First of all, set yourself a hard limit on what you’ll spend. This limit should include all the additional fees and dealer charges. That means you must never give this figure away at the showroom. Stick to around 5% lower than your limit when haggling. That way, you’ll account for the extra charges. It’s also worth saving for the biggest possible deposit. You’ll get better rates this way.

Buy second-hand

In the modern car market, there’s no reason to avoid the used dealership. Second-hand cars are often just as reliable as the used models, and half the price! Car manufacturers now offer seven-year warranties. So, buy yourself a three-year-old vehicle, and you’ll take advantage of four more years of guaranteed driving. This is especially true if you choose a manufacturer with a reputation for a reliability. Take a look at this inventory of used Volvos to get a sense of what’s out there.

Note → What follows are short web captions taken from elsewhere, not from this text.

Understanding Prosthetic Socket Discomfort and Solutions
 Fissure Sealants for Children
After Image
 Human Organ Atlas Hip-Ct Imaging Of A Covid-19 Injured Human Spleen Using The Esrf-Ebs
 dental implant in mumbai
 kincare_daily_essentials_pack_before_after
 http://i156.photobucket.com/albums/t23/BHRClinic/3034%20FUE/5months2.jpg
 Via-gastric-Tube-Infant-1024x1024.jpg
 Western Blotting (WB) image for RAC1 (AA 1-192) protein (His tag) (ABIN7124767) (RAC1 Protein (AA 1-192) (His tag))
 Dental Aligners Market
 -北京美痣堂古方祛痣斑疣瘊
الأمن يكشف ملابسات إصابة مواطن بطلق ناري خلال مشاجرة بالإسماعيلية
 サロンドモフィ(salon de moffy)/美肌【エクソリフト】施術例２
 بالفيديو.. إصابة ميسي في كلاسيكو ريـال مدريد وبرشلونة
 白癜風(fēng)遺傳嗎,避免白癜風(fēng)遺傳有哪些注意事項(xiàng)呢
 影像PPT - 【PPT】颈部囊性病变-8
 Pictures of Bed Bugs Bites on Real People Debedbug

Calculate your running costs

The biggest financial surprise often comes from the running costs. The amount of money involved in keeping a car on the road is enough to make your wallet flinch. Remember, every car has different running costs. Each has a different tax rate and insurance bracket. Each vehicle drinks fuel at a particular rate. If you’ve got your eye on a specific model, do your sums according to their specifications. Calculate how much petrol or diesel you’ll use each week. Get an accurate quote for tax and insurance. Lastly, set aside a budget for maintenance and repairs. A repair bill will inevitably hit when you least expect it.

Drive it carefully

Finally, your budgeting doesn’t stop once you’ve bought the car. The way you drive the car has a big effect on its running costs. Try to avoid revving the engine too hard or exceeding the speed limit. Keep the tyres at the correct pressure, and replace the oil regularly. By servicing your car like this, you’ll keep the engine healthy and functional. It reduces your maintenance bills and lowers your petrol consumption.

As a prospective car buyer, it’s up to you to take care when budgeting for your vehicle. From buying the car itself to running it every day, every penny counts!